The vast north wall works its way from winter at one end to autumn, spring and summer in the central panel.
Higher up are images of the camp in which Krohg was interned by the Nazis during the Second World War.
Everywhere you look, outside as well as inside, the detail is impressive. A hymn to fisherman on the east wall.
And of course this is very much an active building, with rooms for state-sponsored artists at the top of the western tower and over 300 events a year including weddings/civil ceremonies held in a chamber with a pastoral Munch over the fireplace. Of course the room everyone should see in Oslo is the Munch collection in the National Gallery, including the one of the many Screams which was stolen and recovered next to the blobby faces of The Dance of Life and portrait proof that mighty Edvard didn't just paint distressed aliens.
Looking in the other direction at the room full of Norwegian landscapes and sculptures of varying quality.
The Gallery, due to move to spacious new quarters in some years' time, has impressive selections of French painters, real quality in its handful of Cezannes, Van Goghs and Gauguins. Not enough visitors turn left at the top of the stairs instead of right. Because of Oslo's minor status for centuries, there are few old masters, in fact only one absolute masterpiece, a Goya of a toreador, but the room of icons from Novgorod is a surprise.
My biggest regret, apart from the fact that weather conditions and time shortage combined meant we didn't cross over to the peninsula with the viking ship museum, was that I didn't make it to Ibsen's apartment (guided tours on the hour made it tricky given the patchwork schedule centred around the National Opera).
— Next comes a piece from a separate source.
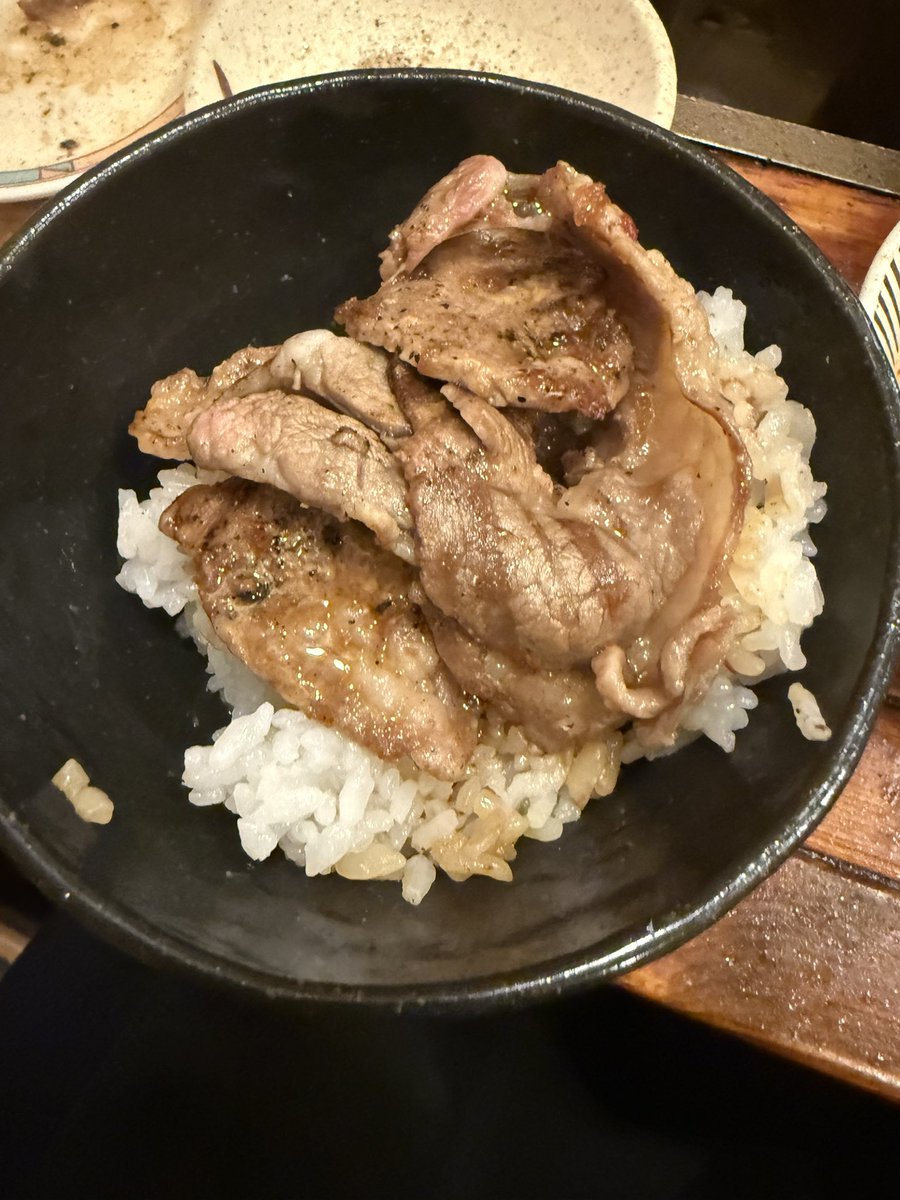 昨日は吉丸でジンギスカン。ラムロールオンライスがとても体に沁みました。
Homage to his National Theatre and the statue outside, though, was essential.
and here in this central oblong of public space, plenty was going on - skating, with Parliament behind
and a musical Ukrainian protest.
I've already posted one picture of the Akershus Fortress, silent and empty in the snow of a freezing Sunday morning. We slowly made our way there over the ice past the old town which includes the former City Hall, a very pretty cafe and barracks-like housing.
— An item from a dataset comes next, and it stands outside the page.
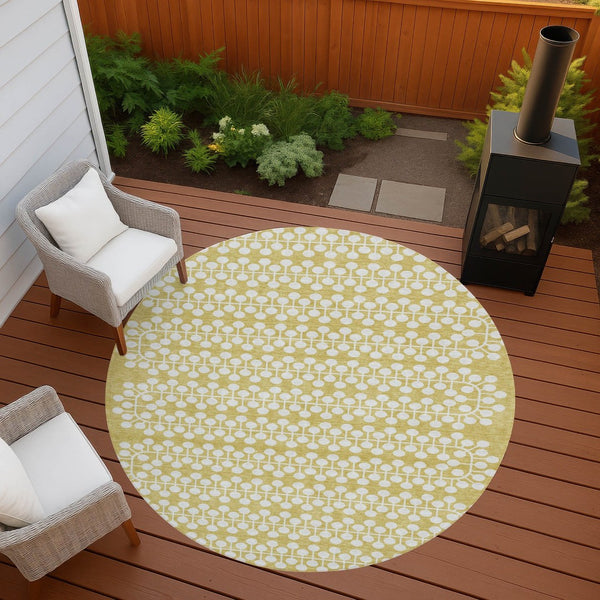 HomeRoots 8' Gold and Ivory Geometric Round Washable Area Rug - Stylish Indoor/Outdoor Décor for All Spaces 640303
All was silent apart from the odd crow and a tramping sentry(below; that's a tramping diplo-mate above)
until we heard bells and organ music coming from the castle chapel.
Passing the stone coat of arms on the left
and an intriguing cellar-like door with royal crown
we found a christening taking place inside the chapel (1500s with baroque accretions) to which we were welcomed, sitting on a bench alongside paper and crayons which little girls rushed up to use from time to time. Modern Norwegian dad knew how to rock his crying infant into stillness.
Pretty as the chapel undoubtedly is, Oslo Cathedral has the bigger treasures, though it isn't really the sum of its parts.
The present building was consecrated in 1697 and much done over in 1848-50, though the Gothicisation then has been reduced in favour of many of the original baroque fittings. These include the 1700 carved altarpiece,
the singular font of 1726,
the1727 organ facade which conceals a state-of-the-art instrument
and the 1699 pulpit,
not a patch on the one in Stavanger Cathedral, but with the curiosity of multiple hour-glasses to time the sermon.
What's relatively modern is well done here, too, especially the chancel windows by Emanuel Vigeland c. 1910.
That's quite enough of old Christiania for now. I'd like to explore further. My Icelandic friend Steinunn pointed out that while Reykjavík doesn't change its essential character too much between winter and summer - though I found it hauntingly empty on a Sunday afternoon in early February - Oslo is a completely different city in July and August. Hoping to return then and see much more in and around the city. In the meantime, a grotesque farewell in front of a real scream of a train in Oslo Airport's railway station.